One of nature’s most common organic materials – lignin – can be used to create stable and environmentally friendly organic solar cells. Researchers at Linköping University and the Royal Institute of Technology (KTH) have now shown that untreated kraft lignin can be used to make solar cells even more environmentally friendly and reliable. The study has been published in the scientific journal Advanced Materials.
Sunlight currently seems to be one of the main sustainable energy sources. Traditional solar cells made from silicon are efficient but have an energy demanding and complicated manufacturing process which may lead to hazardous chemical spills. Organic solar cells have therefore become a hot research area thanks to their low production cost, light weight and flexibility, and hence many applications, such as indoor use or attached to clothing to power personal electronic devices.
But one problem is that organic solar cells are made of plastic, or polymers derived from oil. So, although organic, they are not as environmentally friendly as they could be.
Researchers at Linköping University and KTH have now developed an organic solar cell where part of the electron transport layer connected to the cathode in the solar cell is made of what is known as kraft lignin, sourced directly from wood pulp. Although only a small part of the solar cell is currently made of lignin, the long-term goal is to build a solar cell almost entirely made from wood materials.
“We want to build efficient, reliable, cheap and environmentally friendly solar cells. This study enables us to show that this is possible and a first step towards replacing today’s oil-based materials with wood-based alternatives,” says Mats Fahlman, professor at the Laboratory of Organic Electronics (LOE) at Linköping University.
In previous studies, chemically modified wood-based materials have been used to increase reliability, or stability, in both organic solar cells and solar cells made from the crystalline material perovskite.
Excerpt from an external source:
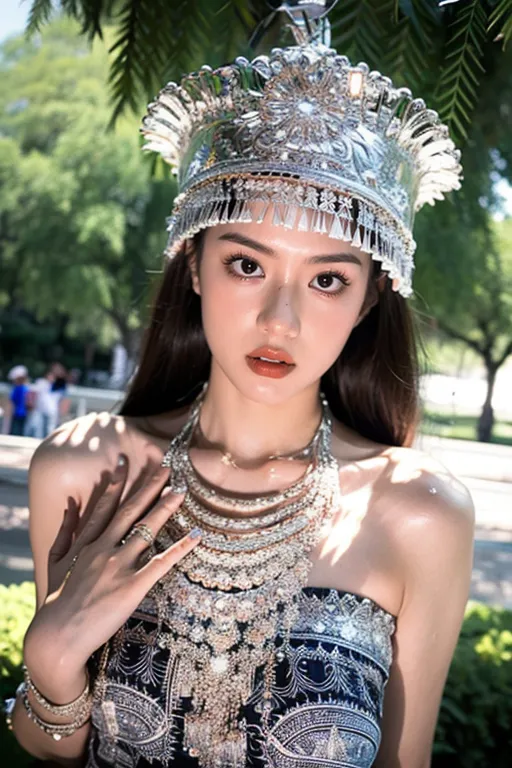 Realistic,Chinese Style,Fashion & Makeup,LoRA,SD 1.5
In their recently published study, the Linköping researchers used a “raw” version of lignin, called kraft lignin, directly extracted from the wood in the paper manufacturing process. Together with KTH, they analysed which molecular composition of lignin is best suited for the purpose.
“We have created a material, or composite, from kraft lignin which is to constitute the cathode interface layer. It turned out that this made the solar cell more stable. The advantage of kraft lignin is that it has the ability to create many hydrogen bonds, which helps to stabilise the solar cell,” says Qilun Zhang, principal research engineer at LOE.
Organic solar cells are already in use, mainly for indoor applications. They can also replace batteries in sensors and similar low energy devices. According to Mats Fahlman, this is the first step into the market for organic solar cells. This technology can then be scaled up for larger applications such as pure energy supply. And building them from wood materials would make the entire solar cell more environmentally friendly.
“Organic solar cells will never be the most efficient. But their advantage is that they are non-toxic, sustainable and cheap. If they have a 15-20 percent efficiency, that is more than enough for most applications,” says Mats Fahlman.
The study was funded mainly by the Knut and Alice Wallenberg Foundation through the Wallenberg Wood Science Centre. Funding was also received from the Swedish Energy Agency, the Swedish Research Council, the Swedish Foundation for International Cooperation in Research and Higher Education – STINT, and the Swedish Government Strategic Research Area on Functional Materials – AFM – at Linköping University.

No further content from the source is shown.